» **EXERCISE DESCRIPTION**
Below is a listing with pictures in it; transcribe exactly the lines from the one that has "adam hot11 online show from 12/04/24, 03:10" through the one that has "Love Knot Necklace and Earring Set", and omit those pictures.

(Beginning of PROVIDED ENTRIES)

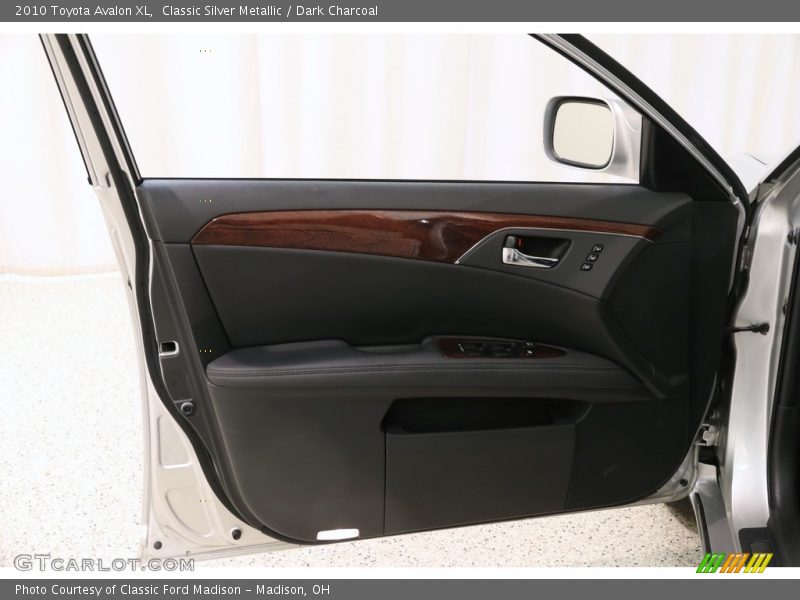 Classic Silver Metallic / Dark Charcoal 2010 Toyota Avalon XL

(End of PROVIDED ENTRIES)
(Beginning of PROVIDED ENTRIES)

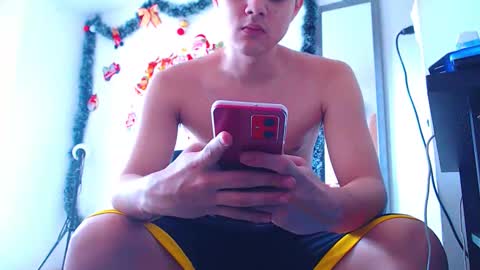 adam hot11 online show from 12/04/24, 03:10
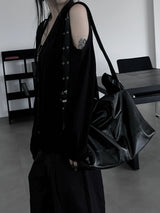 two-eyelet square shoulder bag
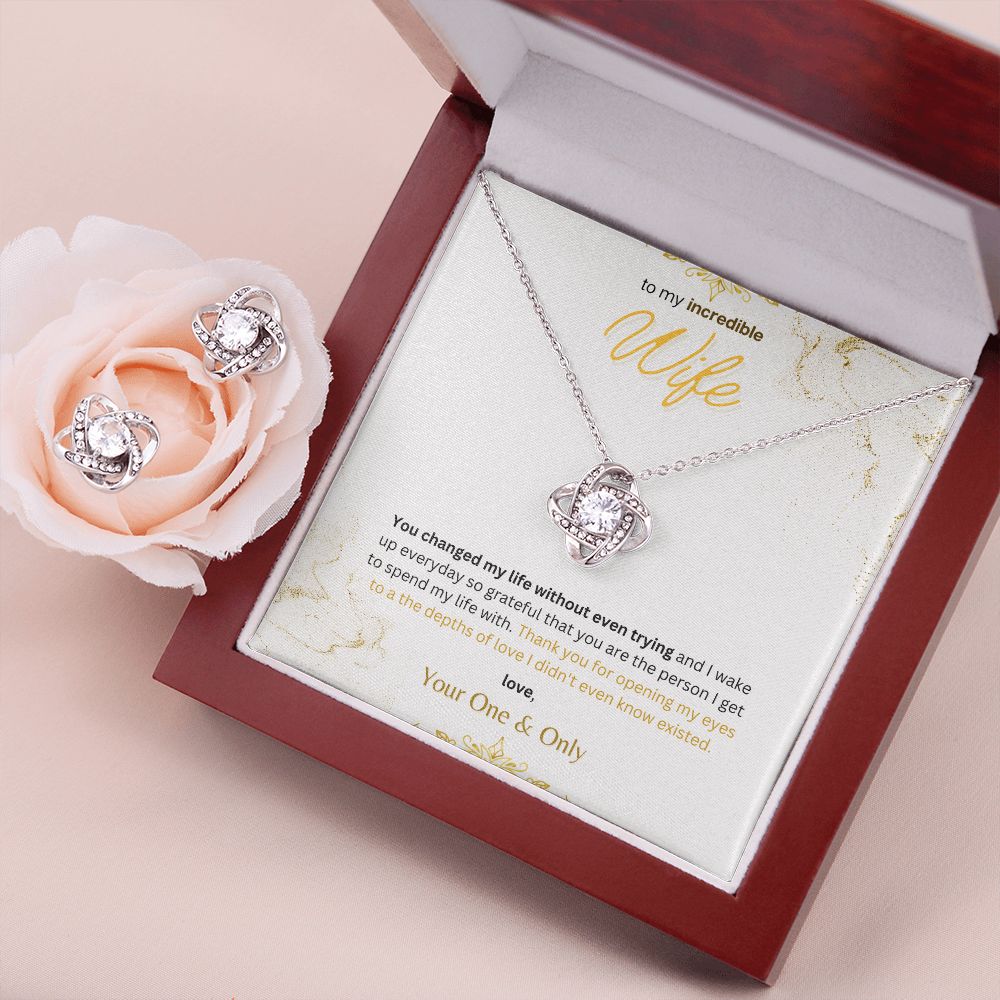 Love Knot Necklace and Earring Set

(End of PROVIDED ENTRIES)
(Beginning of PROVIDED ENTRIES)

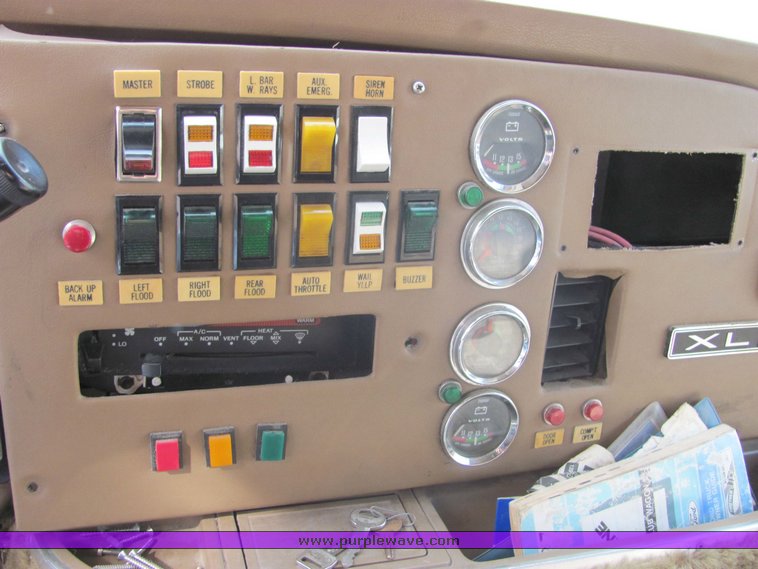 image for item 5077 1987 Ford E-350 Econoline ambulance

(End of PROVIDED ENTRIES)

» **TASK ANSWER**
 adam hot11 online show from 12/04/24, 03:10
 two-eyelet square shoulder bag
 Love Knot Necklace and Earring Set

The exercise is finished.